Che soddisfazione mi da, sedermi al tavolo di un bar all’ora del tramonto (ora che fa freddo, anche un po’ più tardi), ordinare una birra leggera e disquisire del più e del meno e trovare nell’altro il mio stesso pensiero, ma detto meglio, mi galvanizza. Mi cade l’occhio su quella scritta sul muro.
Che bello giocarci con le parole, deriderle, padroneggiarle.
A volte penso ai rapporti umani. Ai momenti più edificanti di questi incroci, per me sono quelli in cui sono riuscita a tramutare in verbo una sensazione particolarmente dolorosa, a metterla nelle mani di qualcuno. Una chiacchiera fatta bene, magari a notte fonda, ti riempie il cuore, non importa che siano parole di lode, parole edulcorate: il più acceso dei dibattiti ti può rispedire a casa appagato dalla tua civiltà arricchita.
Capita a volte però, che ci siamo affezionati tanto alle parole, da non riuscire a farne a meno quando si potrebbe.
Il bisogno di arricchimento intellettuale è un tesoro che va coltivato indubbiamente, ma non lasciate indietro i vostri istinti immediati, quelli di cui la parola è una successiva mediazione falsata.
Le giornate in cui torni a casa e i concetti che navigano in te sono troppi anche per tutte le parole del mondo, e non ti va di affrontare burrasche di pensieri articolandoli bene, cercando conferme, smentite e confronti edificanti.
A volte hai solo bisogno di fare come i cani, tornare a casa, stenderti sul tappeto accanto al divano e aspettare una carezza in un rassicurante vuoto concettuale. Dovremmo concederci di imparare dalle bestie che si annusano senza vergogna, si strusciano senza obiettivi, con la sola ricerca di un riscontro immediato sulla pelle. Del calore vitale di un essere che esiste con te, hic et nunc, e vaffanculo ai racconti della tua giornata lavorativa di merda, al ronzio che fanno le tue parole quando ti dilunghi sui miei difetti.

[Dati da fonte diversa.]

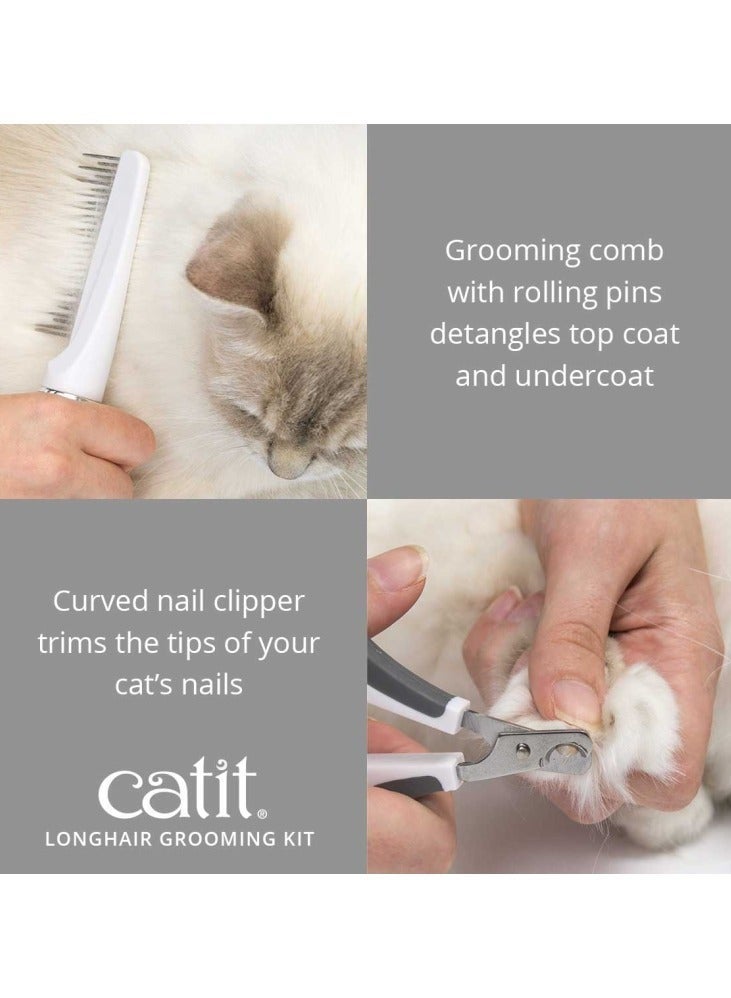 Catit Longhair Grooming Kit - Image 5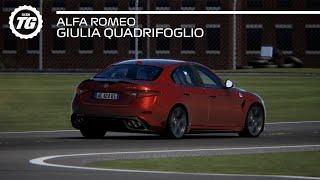 Alfa Romeo Giulia Quadrifoglio - Top Gear Test Track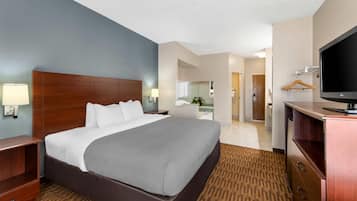 In-room safe, desk, iron/ironing board, rollaway beds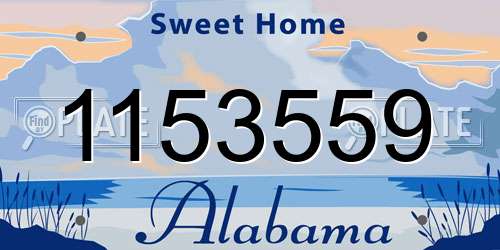 1153559 Alabama License Plate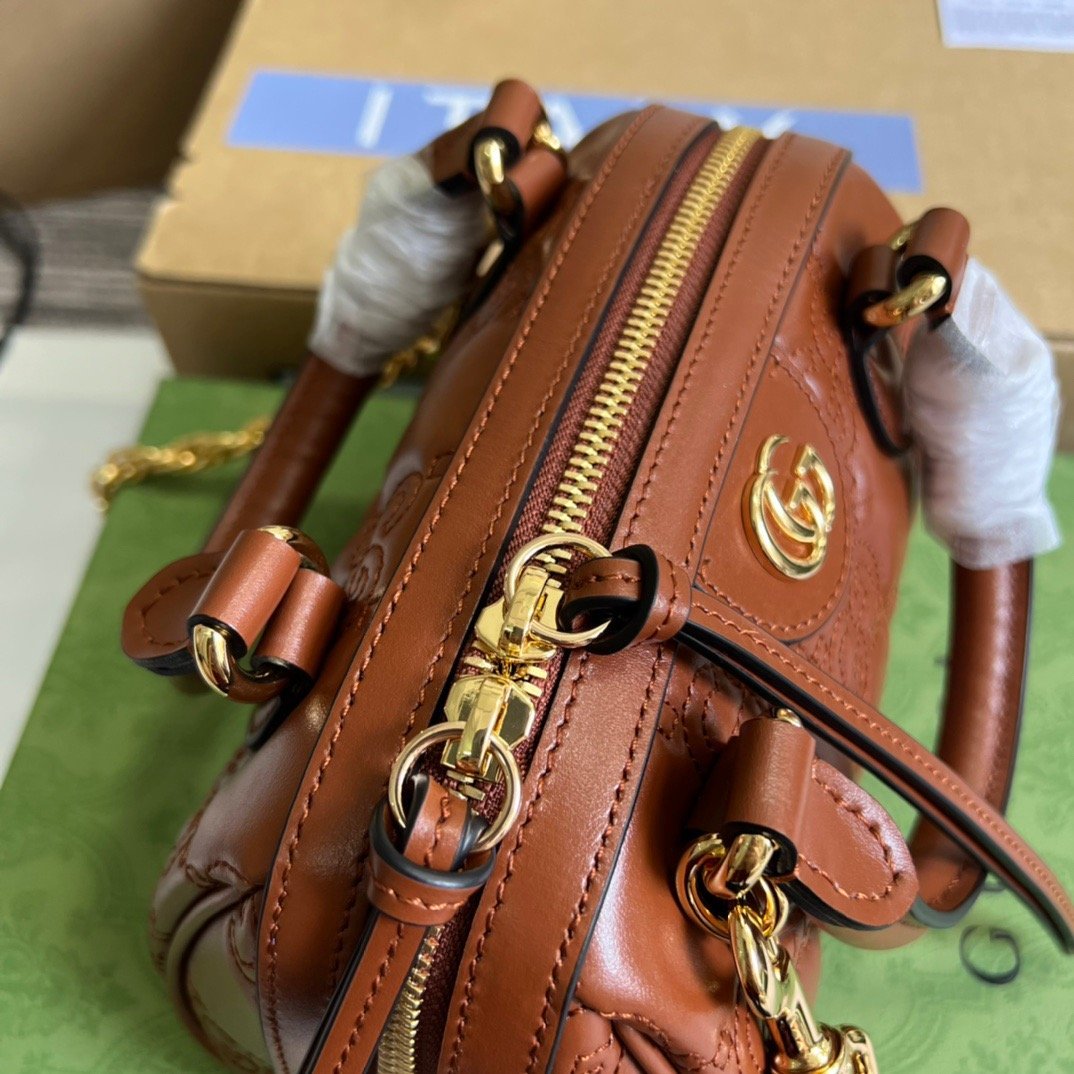 gg Matelassé Top Handle Bag Red For Women, Women’s Bags 7.5in/19cm gg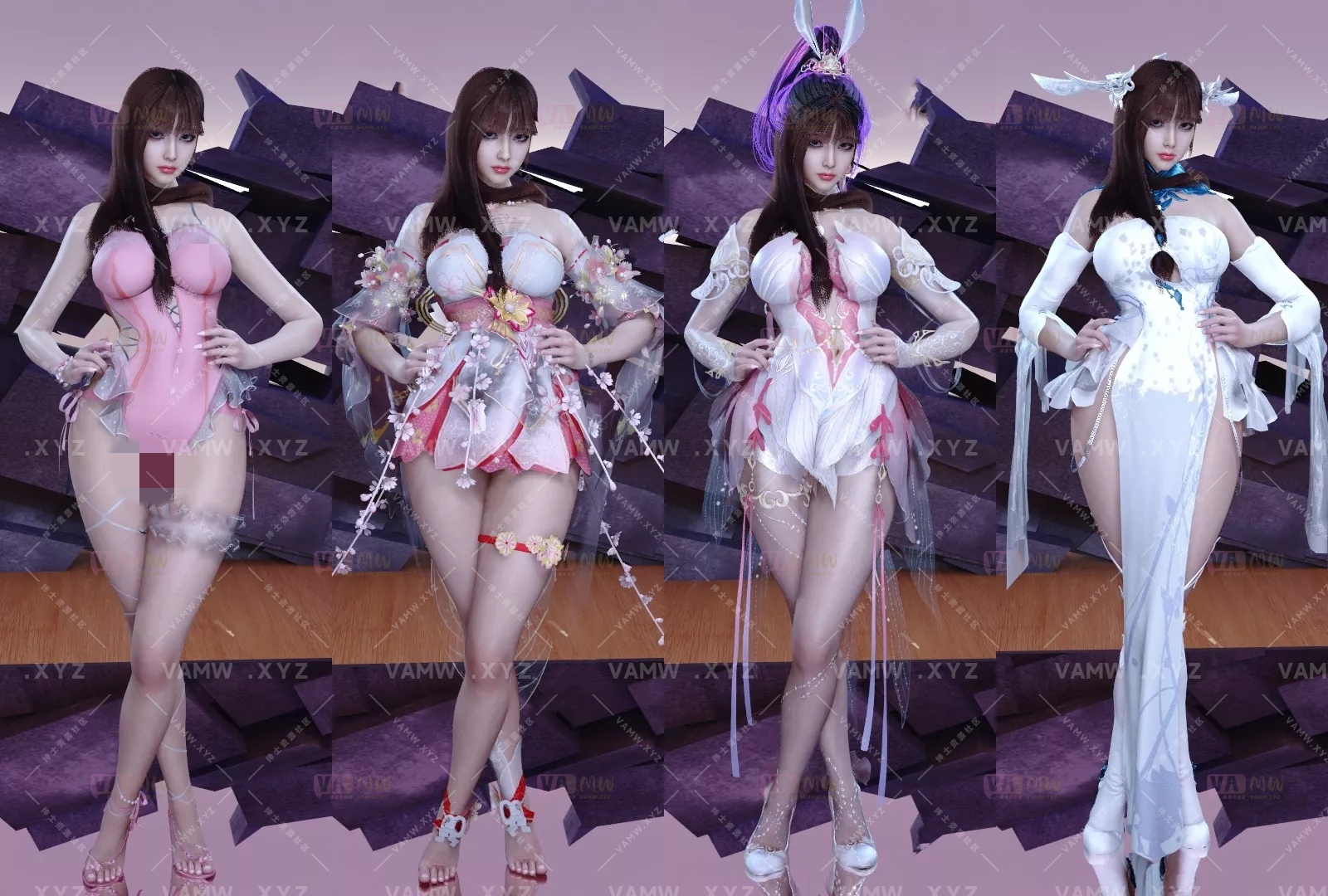 【精】VAM服饰合集Qing服装资源合集 更新至【2025-01-02】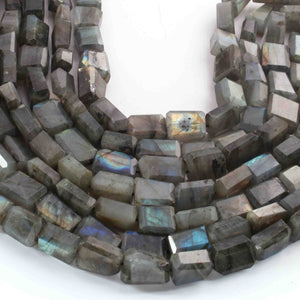 1 Strand Labradorite Faceted Nuggets Beads- Faceted Nuggets Briolettes - 15mmx10mm-9mmx8mm 11 Inch. BR01615 - Tucson Beads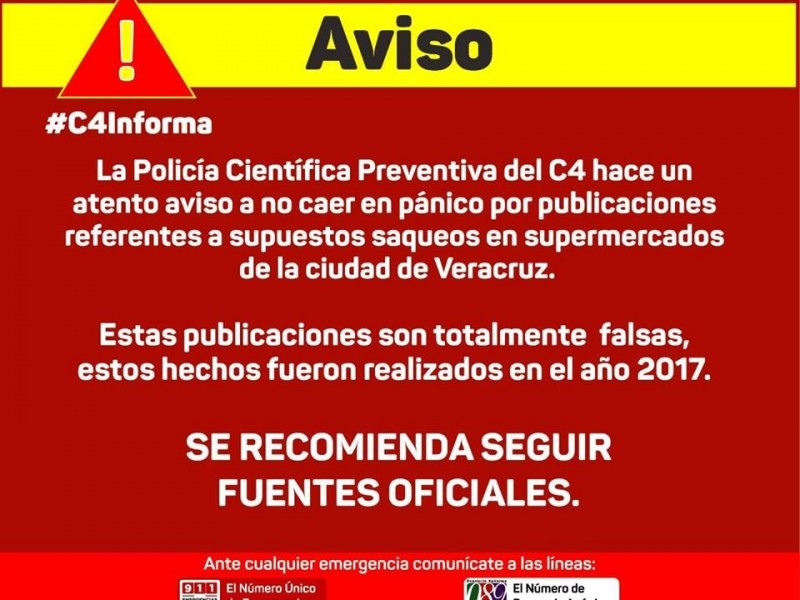 La policía científica advierte de saqueos falsos en Veracruz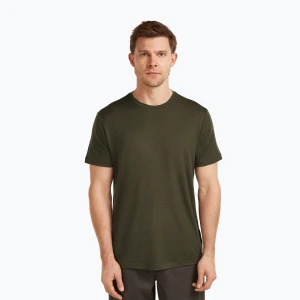 Koszulka trekkingowa męska icebreaker Merino 150 Tech Lite III dark loden Zielony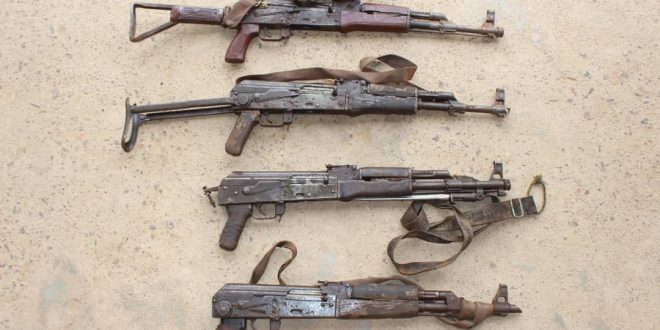 Police recover four AK-47 rifles from fleeing suspects in Kano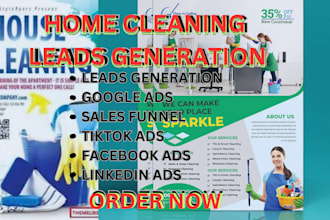 home cleaning leads home cleaning facebook ads homer cleaning google ad video ad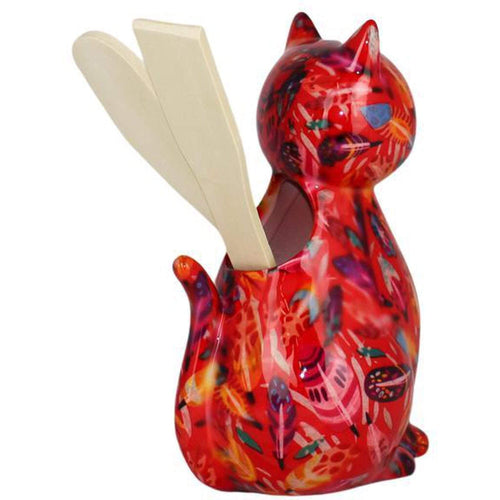 Chat Caramel | Porte-Ustensiles de Cuisine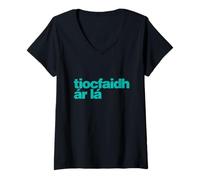 Womens Tiocfaidh ár Lá - Our Day Will Come as Gaeilge - Irish V-Neck T-Shirt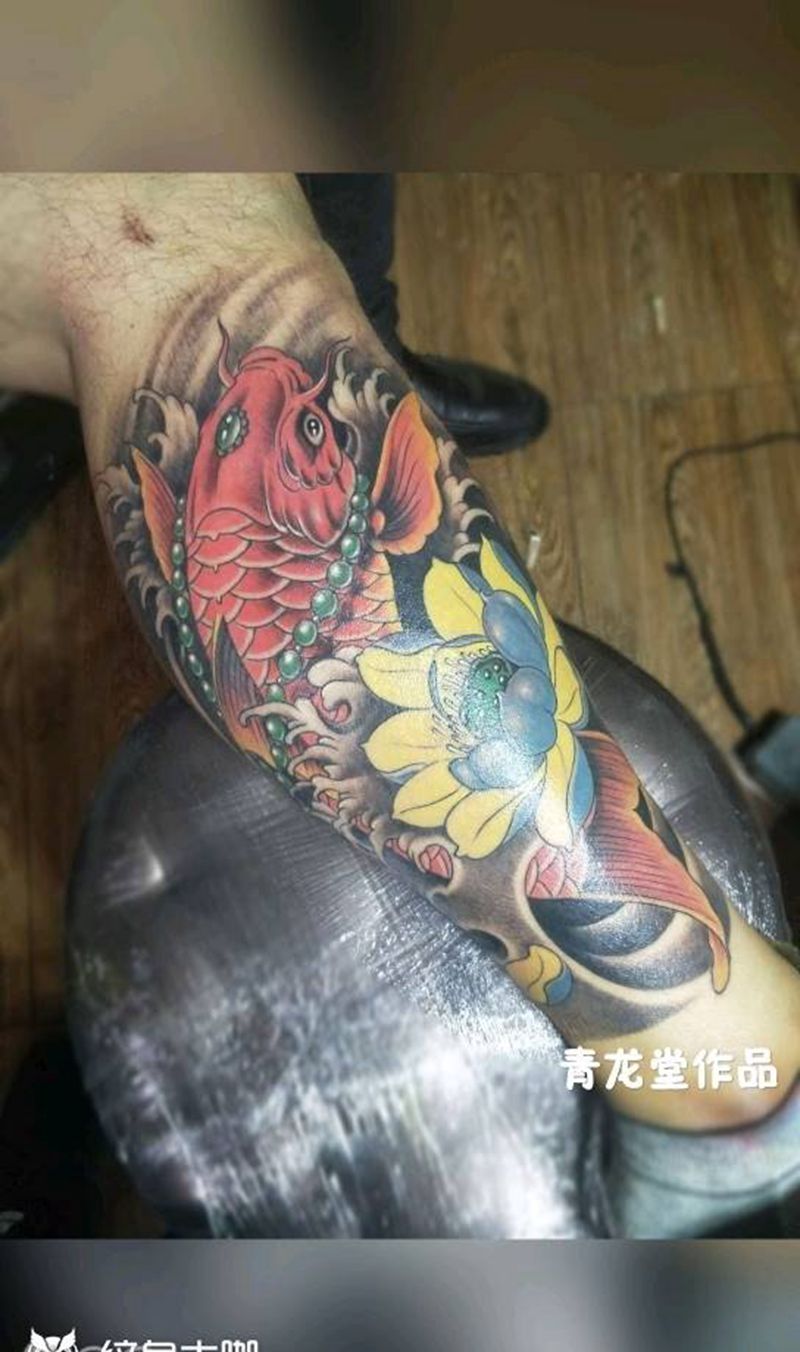 鱼纹身图片
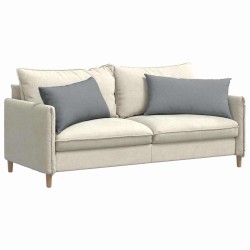 Coussins de canapé 2 pcs Gris clair 80 x 40 cm tissu 521680521680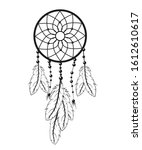 Dream Catcher With Feathers In...
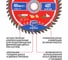 Диск пильный по дереву P.I.T. ADVANCE 160x20x1.4 мм, 48T Carbide, зуб TCG 15 ACTW12-160T48 6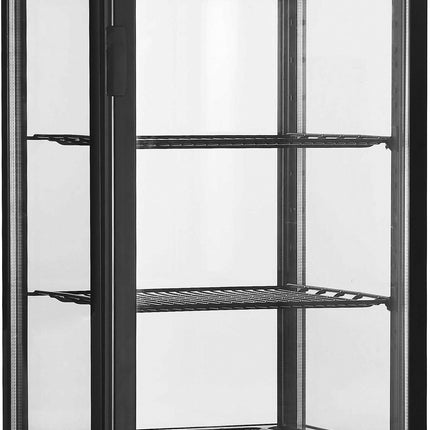 Saro Kühlvitrine 235 Liter Modell SVEN schwarz Kunststoff schwarz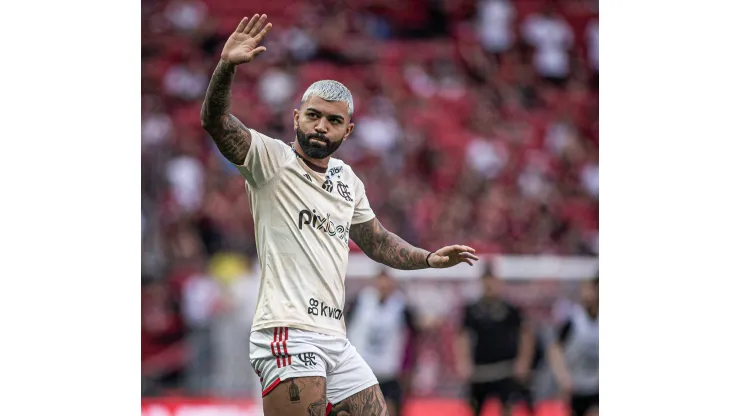 DF - BRASILIA - 20/07/2024 - BRASILEIRO A 2024, FLAMENGO X CRICIUMA - Gabriel jogador do Flamengo durante partida contra o Criciuma no estadio Mane Garrincha pelo campeonato Brasileiro A 2024. Foto: Isabela Azine/AGIF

Tienile lì nella gola le parole che ti si formano, deglutisci mentre mi respiri addosso e non riesci a pensare ad altro che a quel ritmo regolare. Insieme, impoveriamoci, abbassiamoci a uno stadio primitivo, in cui non mi avresti scelto per come metto bene in fila le parole. Sceglimi stanotte per come la forma della mia mano sposa la tua spalla e i miei capelli ti accarezzano il viso quando mi chino per sentire l’odore della tua giornata. Non hai bisogno di dirmi che sei stanco, lo annuso sul tuo collo, che hai fumato tanto e sei arrabbiato per i tuoi insuccessi. Le parole a volte sono ridondanti su un corpo già eloquente per chi sa sentirlo anche suo.
Accarezzami accanto al divano, dammi da bere e da mangiare, portami fuori, fammi felice come un cane senza troppe pretese, fatti leccare la mano senza sottrarti, in quella saliva c’è tutto quello che non riesco a dirti.